Previously on the Deep End, we’ve explored the idea that the western world has entered a period of permanent low growth. The latest GDP figures may allay such fears, but it remains to be seen whether anything like a ‘normal’ rate of growth can be sustained without massive amounts of quantitative easing and public borrowing.
In a fascinating piece for New York magazine, Benjamin Wallace-Wells introduces us to the work of Robert Gordon and other ultra-pessimistic economists:
- “For at least the next fifteen years or so, Gordon argues, our economy will grow at less than half the rate it has averaged since the late-nineteenth century because of a set of structural headwinds that Gordon believes will be even more severe than most other economists do: the aging of the American population; the stagnation in educational achievement; the fiscal tightening to fix our public and private debt; the costs of health care and energy; the pressures of globalization and growing inequality.”

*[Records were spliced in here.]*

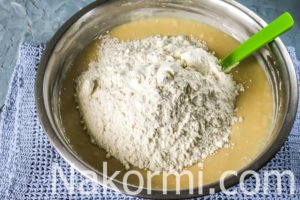 Кулич с орехами и изюмом Кулич с орехами и изюмом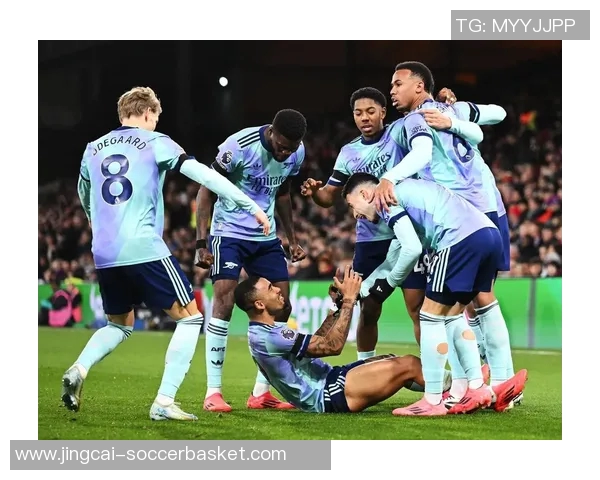 巴萨友谊赛大胜曼城3-0赛场瞬间引发历史冷门热潮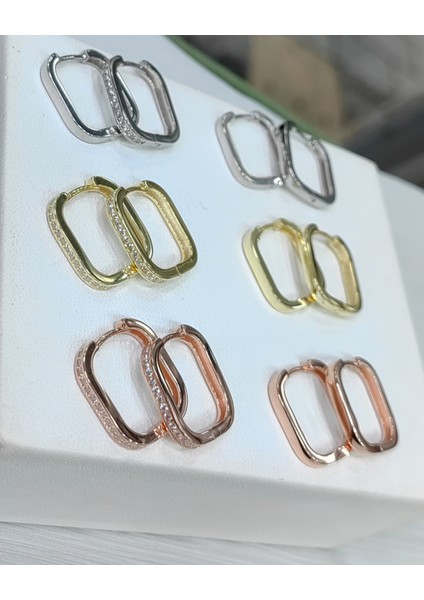 Tek Sıra Taşlı Kare Gümüş Küpe fırsatları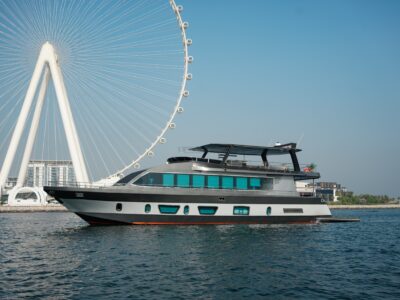 Premium Luxury 3-6 Hour Birthday Party 100ft Yacht With Cake, Decorations & Assorted Drinks Included – Dinner Optional – (Up to 50PAX)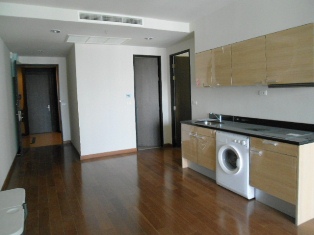 condo for sale in Bangkok Chidlom area. Unfurnished Nice view of 2 bedrooms 80 sq.m. Easy access to Chidlom BTS.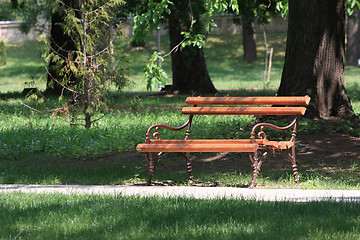 Image showing Alley in the park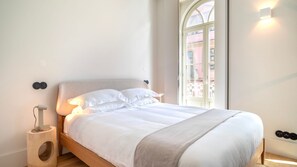 2 quartos, ferros/tábuas de passar roupa, Wi-Fi de cortesia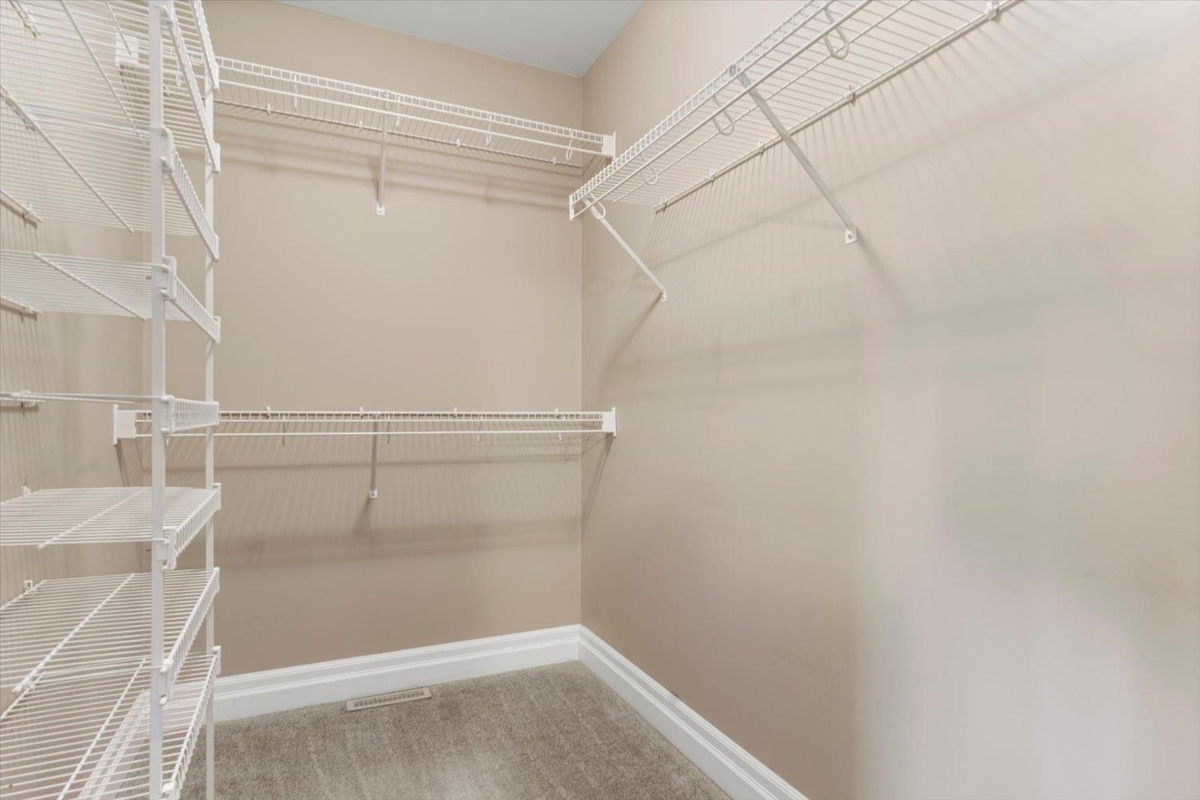 Powder Room Photo of 55 44523 Mclaren Drive, Chilliwack, BC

If that were not grim enough, Gordon believes that the previous era in which living standards doubled with every generation is gone forever. The high growth typical of the 20th century was a blip, the product of one-off, never-to-be-repeated transformative events like electrification and the introduction of public sewers.
If he’s right, then the consequences won’t just be economic. That's because rapid growth doesn't only make us richer, it also facilitates and inspires social change. For instance, feminist ideas have been around since the days of Mary Wollstonecraft, but a certain level of material progress was required before traditional gender roles could be permanently transformed:
- “The labors that housework required in the nineteenth century were so consuming that housewives in North Carolina walked 148 miles a year carrying 35 tons of water for nonautomated chores. It took until the fifties for household appliances to decline so much in price that they were ubiquitous; the next decade was the one of women’s liberation.”
Similarly, the idea of racial equality is not an invention of the 20th century, but it wasn’t until the post-war period that the civil rghts movement could draw upon sufficient support from that hotbed of revolutions – the middle class:
- “The prospects for African-American employment increased most dramatically during World War II and in the period just after: 16.4 percent of black men held middle-class jobs in 1950; by 1960 it was 24 percent; by 1970, 35 percent. Progressives will often describe the history of social liberation by quoting Martin Luther King Jr.’s line that the arc of the moral universe bends toward justice; the implication is that metaphysics are somehow involved. But this history has also taken place during unique economic times, and perhaps that is not coincidence.”
Martin Luther King also said “I have a dream”, echoing and expanding the idea of the “American Dream”. But as Wallace-Wells points out, this latter phrase was only coined in 1931 – i.e. once Americans had come to expect continual improvements in their prosperity.
To foresee an end to rapid growth is not to predict a reversion to a new dark age – but rather an end to the assumption that “things can only get better”.
The end of economic optimism will have a profound impact on our political development. For instance, if voters stop believing that growth will automatically deal with our debts, then that's bad news for the borrow-and-spend politics of the left. But the right will also need to rethink its message – especially on the issue of inequality. If the cake stops getting bigger, then there will be a lot more concern about the size of the slice taken by the rich.
These shifts in opinion are already underway – as shown by the public anger directed at bankers on the one hand and welfare claimants on the other. In other words, when new opportunities are hard to come by, it's not liberty or equality that people care most about, but fairness.